Tomas Ries, a security expert from the Swedish National Defense College in Stockholm, suggested this was no coincidence and ventured that the "actual" purpose of the Russian request was to test its neighbor's reaction.
"This was carefully calculated and thought-out. It is as if Russia wanted to test Finland, in order to try to push the boundaries of what Finland would find acceptable," Tomas Ries said.
According to Ries, the demilitarized Åland islands are extremely vulnerable to outward aggression. In a wild stretch of imagination, Ries painted the Kruzenshtern as a sort of a Trojan horse filled with elite soldiers.
"While the vessel is certainly not up to date, you may nevertheless envisage that the so-called cadets on board are in fact Russian Spetsnaz soldiers. A couple of hundred of them could therefore embark in Mariehamn and quickly take over Åland by securing the airport and the harbors before heavy forces come ashore," Tomas Ries said, admitting that this was a theoretical and unlikely scenario, which Russia nonetheless "might want to practice."
Previously, the historic Russian tall ship had been a welcome guest in Finnish ports. It even visited Finland earlier this summer during the Tall Ships Races in Turku and Kotka.
I visited #Kotka today to see Tall Ships Races 2017 vessels. Kruzenshtern, bow of Cisne Branco and Sedov. #Крузенштерн #CisneBranco #Седов pic.twitter.com/SYqc1y3Jpo
— Matias Takala (@elfsprite) July 15, 2017
Local Åland leaders had been hopeful that a Kruzenshtern visit would help to improve the capital city Mariehamn's, chances of hosting the next Tall Ships' Race in 2021.
"Neither the local government nor the parliament has received any information.
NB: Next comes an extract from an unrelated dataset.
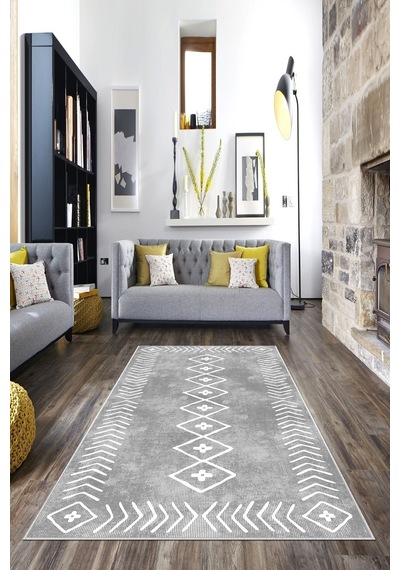 West Home Dijital Baskı Yıkanabilir Kaymaz Taban Leke Tutmaz Mutfak Halısı Salon Halısı Ve Yolluk Wh 375 Grey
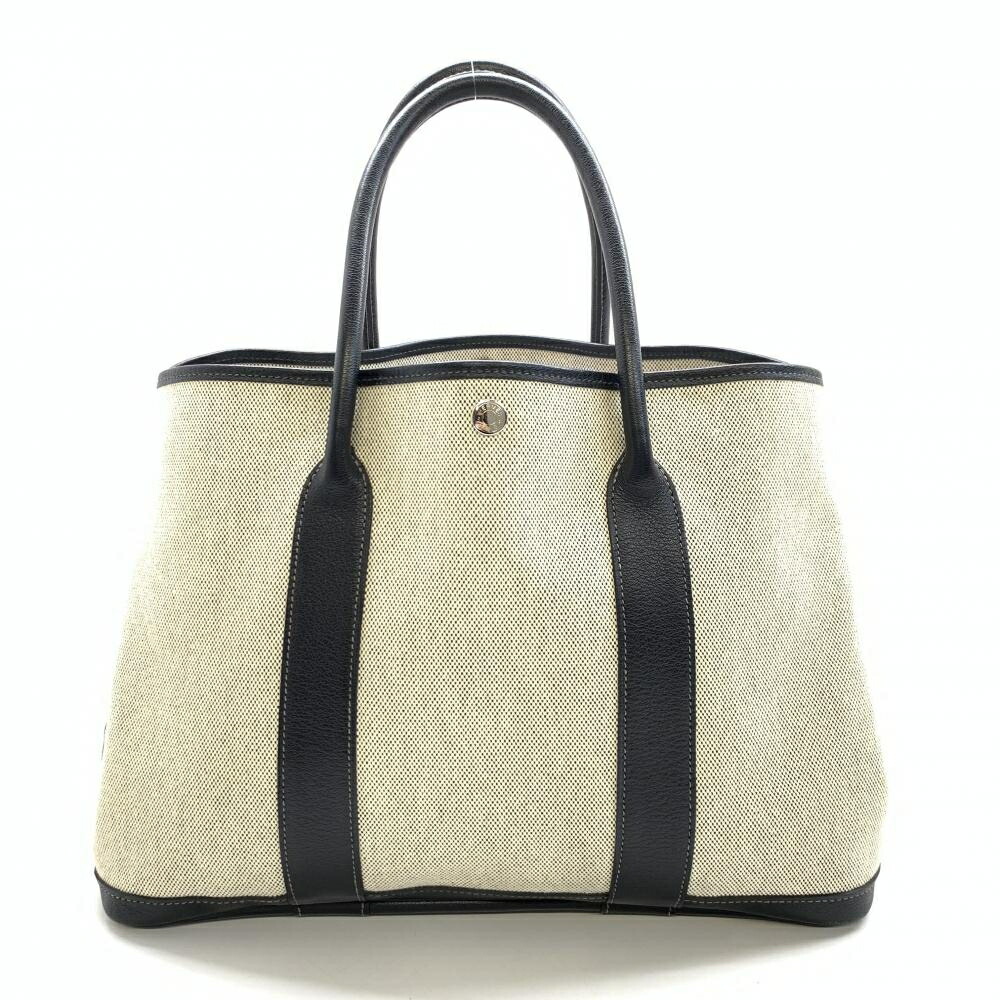 HERMES エルメス ガーデンパーティPM トワルアッシュ キャンバス レザー 黒 ブラック トートバッグ レディース □J刻印 管理RT411365|かんてい局名古屋錦三丁目・緑店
This is a decision taken wholly by the Helsinki Chief of Staff, and by extension the Finnish government," Katrin Sjögren told Finnish national broadcaster Yle.
Unlike the Kruzenshtern, which is strictly a training vessel, the autonomous and demilitarized Åland has been visited by tall ships formally registered as warships, which were granted exemption from the Åland Convention to the dismay of the Finnish Armed Forces, whose vessels or personnel are not welcome at Åland.
The Kruzenshtern was originally built and flagged in Germany in 1926 as the Padua. Twenty years later, Germany surrendered the ship to the Soviet Union as part of World War II reparations.
Subsequently, the Kruzenshtern has been renamed after Russian admiral Baron Ivan Kruzenshtern, who led the first Russian circumnavigation of the globe. It is currently used by the Russian Marine Academy in Kaliningrad which trains cadets in the fishing industry and research. At present, there are 164 cadets aboard the ship.